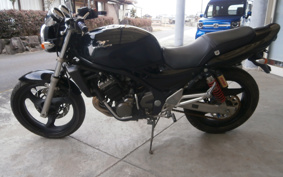 KAWASAKI BALIUS250-2 ZR250B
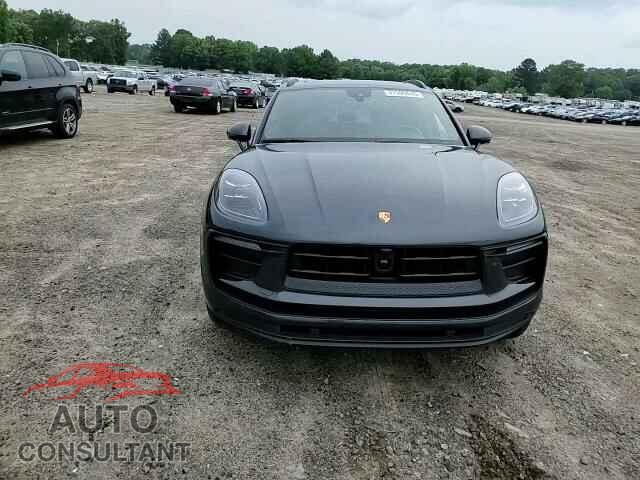 PORSCHE MACAN BASE 2024 - WP1AA2A54RLB14018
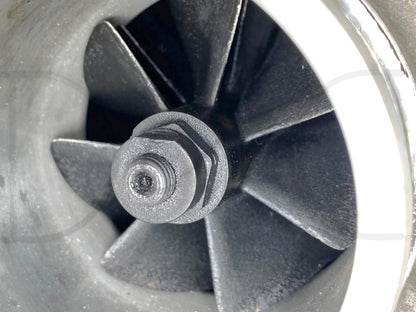 08-10 Ford F250 F350 6.4 6.4L Diesel Low Pressure Turbo Turbocharger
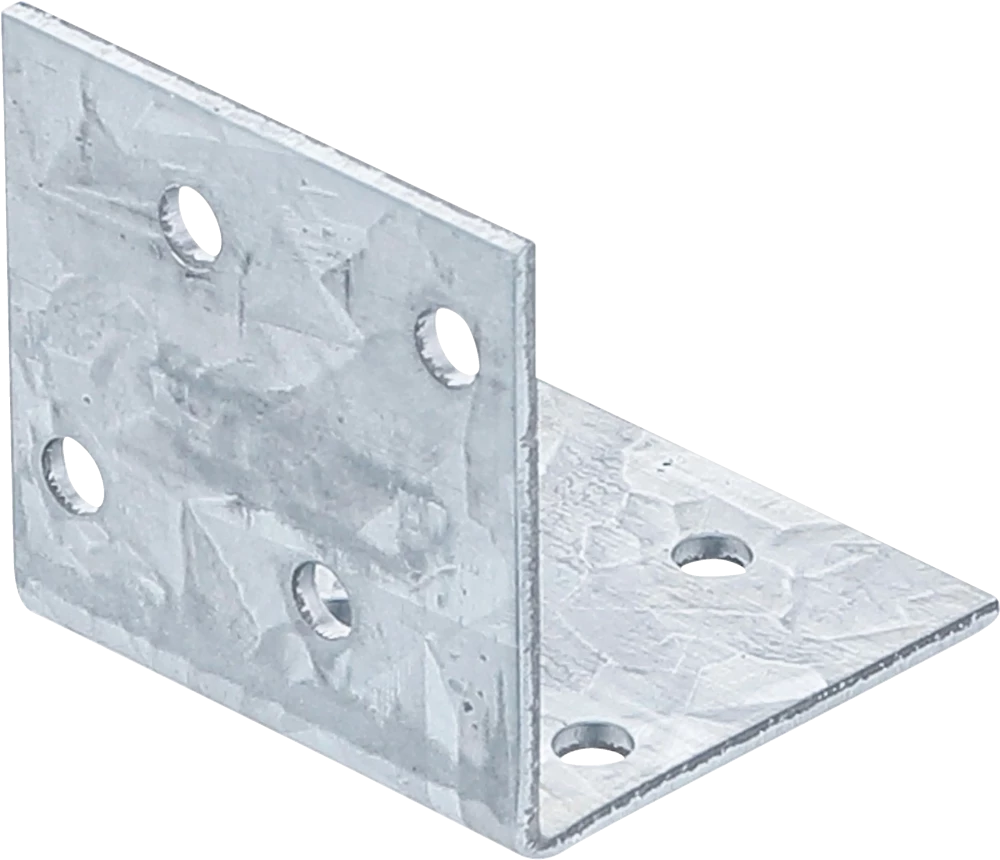 Sarokvas | 40 x 40 x 40 x 2 mm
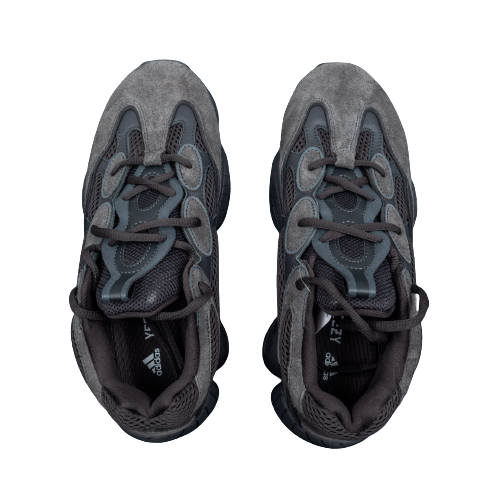 500 Utility Black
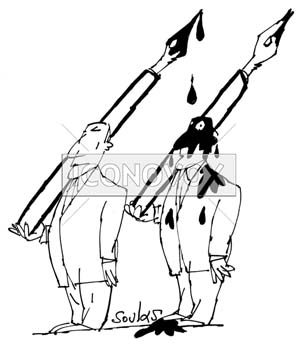 dessin de Soulas, réf. 0014-0027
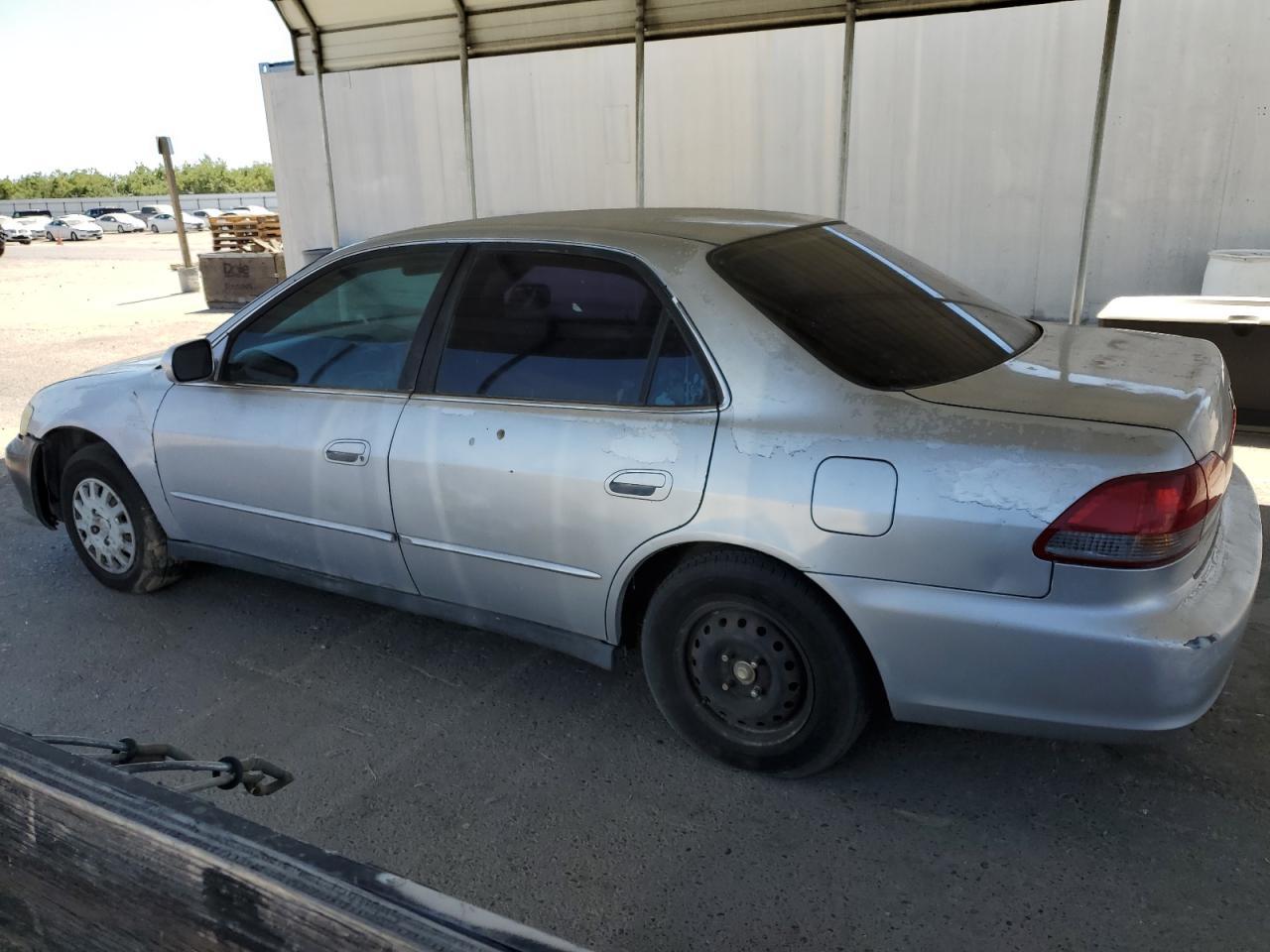 2001 Honda Accord Lx - Image 2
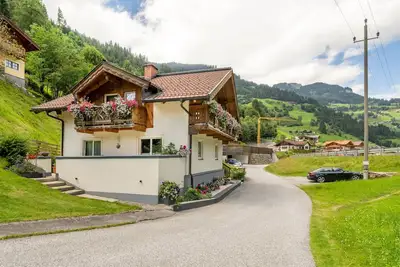 Image de Haus Toferer by Interhome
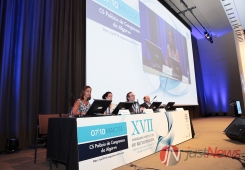 XVII Congresso Português de Reumatologia (7 a 10 de maio)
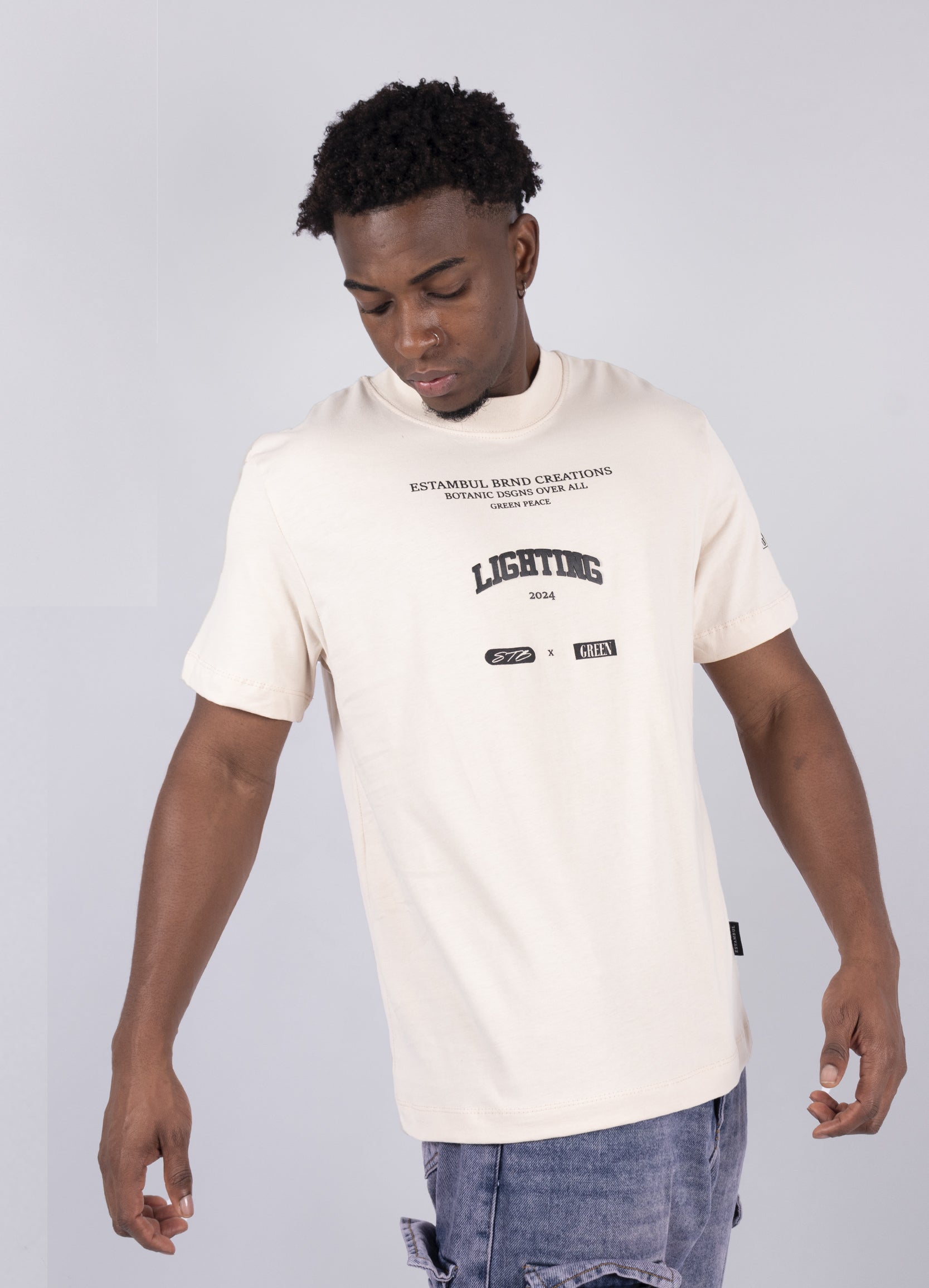 Camiseta hombre R. Palma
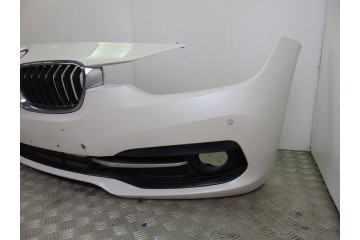 BLANCO  PARAGOLPES DELANTERO BMW SERIE 3 BERLINA (F30N) 318d BLANCO 193830 BMW - 2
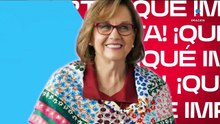 Esta senadora dice que le llegan muchos correos | Qué Importa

What the task asks:
Restate the data above word for word. Do not include the images.

Written solution:
 KAWASAKI BALIUS250-2 ZR250B
 PORSCHE MACAN BASE 2024 - WP1AA2A54RLB14018
 08-10 Ford F250 F350 6.4 6.4L Diesel Low Pressure Turbo Turbocharger
 Sarokvas | 40 x 40 x 40 x 2 mm
 500 Utility Black
 dessin de Soulas, réf. 0014-0027
 2001 Honda Accord Lx - Image 2
 Image de Haus Toferer by Interhome
 XVII Congresso Português de Reumatologia (7 a 10 de maio)
 Camiseta hombre R. Palma
 BLANCO  PARAGOLPES DELANTERO BMW SERIE 3 BERLINA (F30N) 318d BLANCO 193830 BMW - 2
 Esta senadora dice que le llegan muchos correos | Qué Importa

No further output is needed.